This is the standard GWAS pipeline. Please notice that your GWAS sites is in buid37 coordinate system, if it is not the case, you can use the UCSC liftOver tool to perform the conversion to build37 system. Please also notice it is prefer that your GWAS dataset is forward strand, otherwise the SNPs which found in both reference panel and target panel that have an incompatible alleles types will be removed during the procedure of strand alignment check in this pipeline.
please download tools to the folder "software":
- plink (please download the latest plink1.9, otherwise you will waste a lot of time!!!)
- shapeit
- impute2
other pre-requirements:
- a cluster or you need a server with many cores
- genotyped data(plink format, transform to bed/bim/fam before running the pipeline if your genotyped data is ped/map)
- enough storage since very large files will be created during imputation procedure
- R 3.4.3;gawk;python3.6.3
- 1.Git clone this repository
git clone https://github.com/verasiwei/GWAS_python
- 2.users to edit the directory in config.py
- 3.On your terminal, cd to the folder "pythonscript"
$ python quality_control.py
Notice:
1.If IDs are not matched in genotype and phenotype data,you should provide "mylist.txt" file.
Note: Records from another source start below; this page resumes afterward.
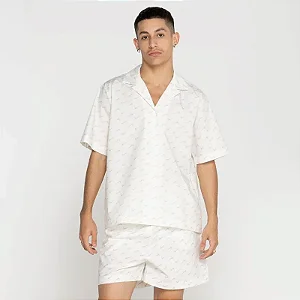Camisa Nike Sportswear Mult Swoosh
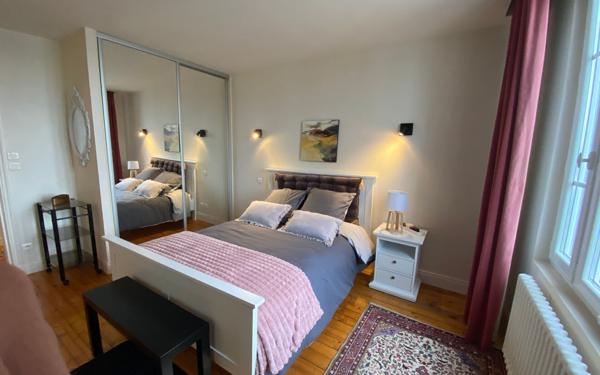 Appartement à louer    2 pièces • 99,43 m2 Lorient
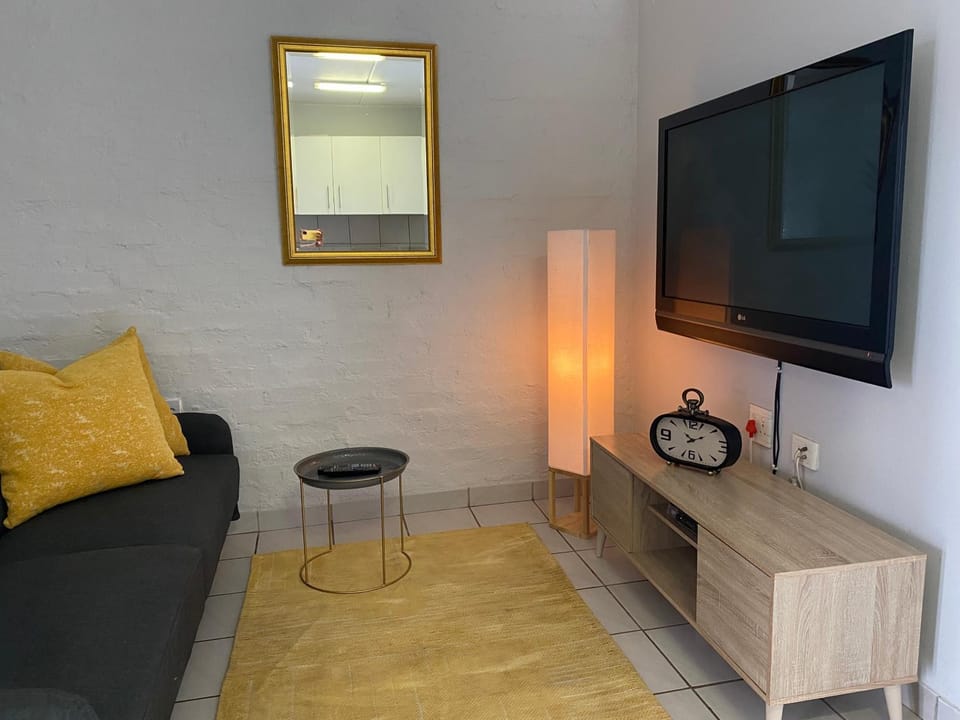 Centurion Fully furnished lock up&go 1 bedroom apartment Apartment in Pretoria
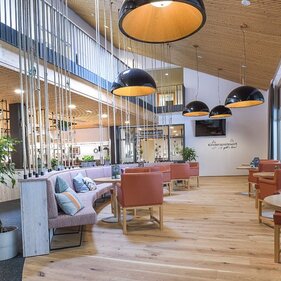 Das JUFA Hotel Wipptal direkt neben dem Skigebiet Bergeralm | © JUFA Hotel Wipptal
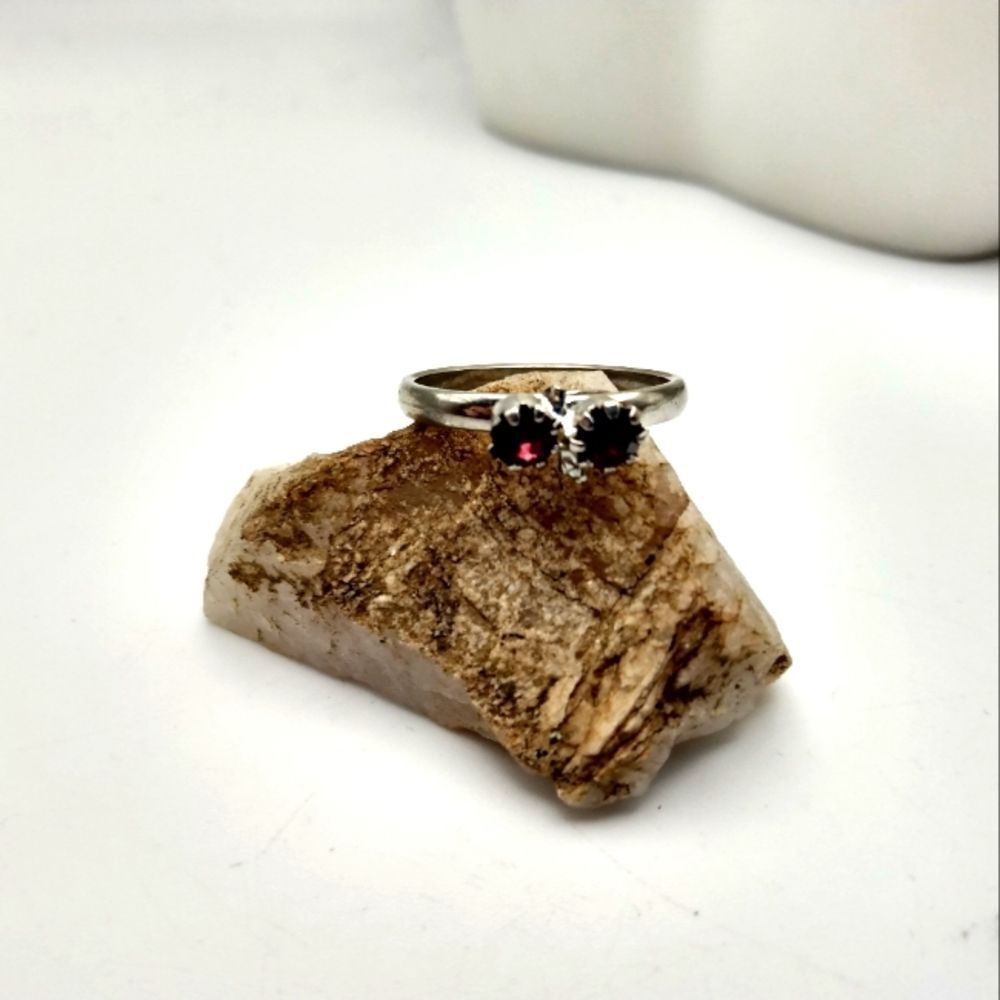 Garnet ring estate‎ adjustable sizing band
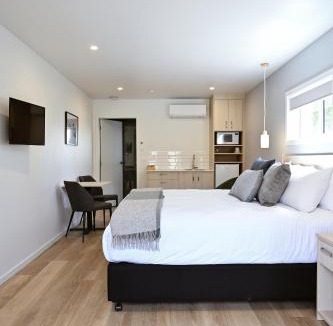 Manakau Hotel | Tatum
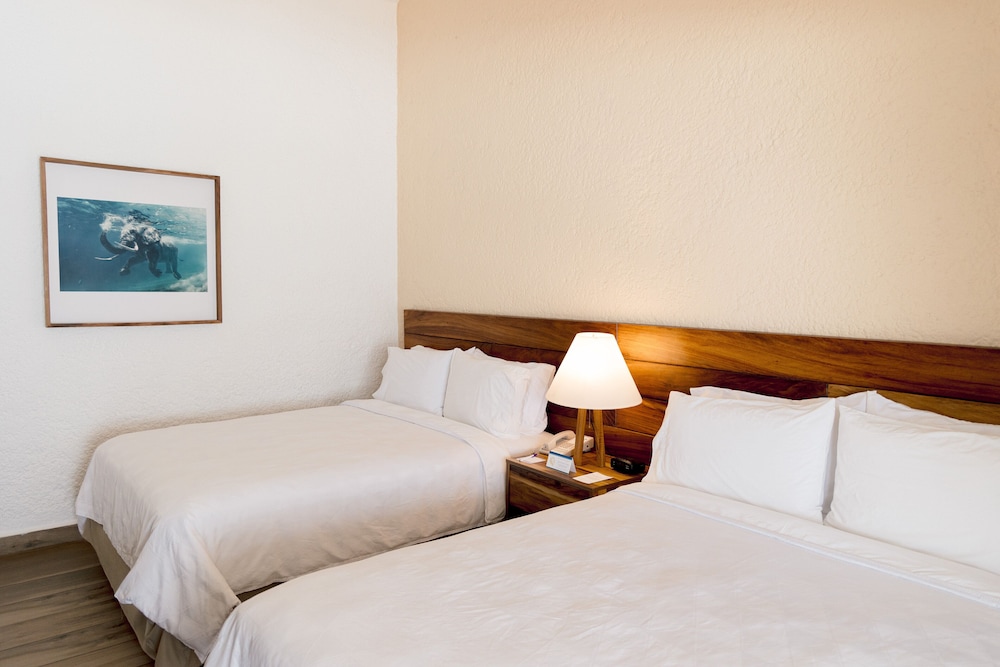 Standard Room, 2 Double Beds, Garden View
2.Answer each question on the screen during the process, do not need to include quotation markers
- 4.On your terminal, cd to the folder "pythonscript"
$ python imputation.py
Notice:
1.You can choose whether to use 1000 Genome Phase1 or Phase3 as the reference panel during this process, just answer the "Phase1" or "Phase3" when the question promted on the screen
2.It may takes a long time if you want to impute the whole chromosomes, all chromosomes are separated into more than 500 chunks totally with each chunk 5MB according to the physical position, also you need to have enough storage to save the outputs!!!
- 5.On your terminal, cd to the folder "pythonscript", a manhattan plot and a qqplot shown like the below will be created.
$ python post_imputation.py
Notice:
1.You should change the column of phenotype in the .fam file and provide a file of "mycovpca.txt" which includes the adjusted covariates like age, sex and PCs by yourself.
After running post_imputation.py, answer every question on the screen and you will get a manhattan plot and an annotation file which annotates the significant snps
You can comment or uncomment each function when you only want to do specific jobs like generating prs score or something else.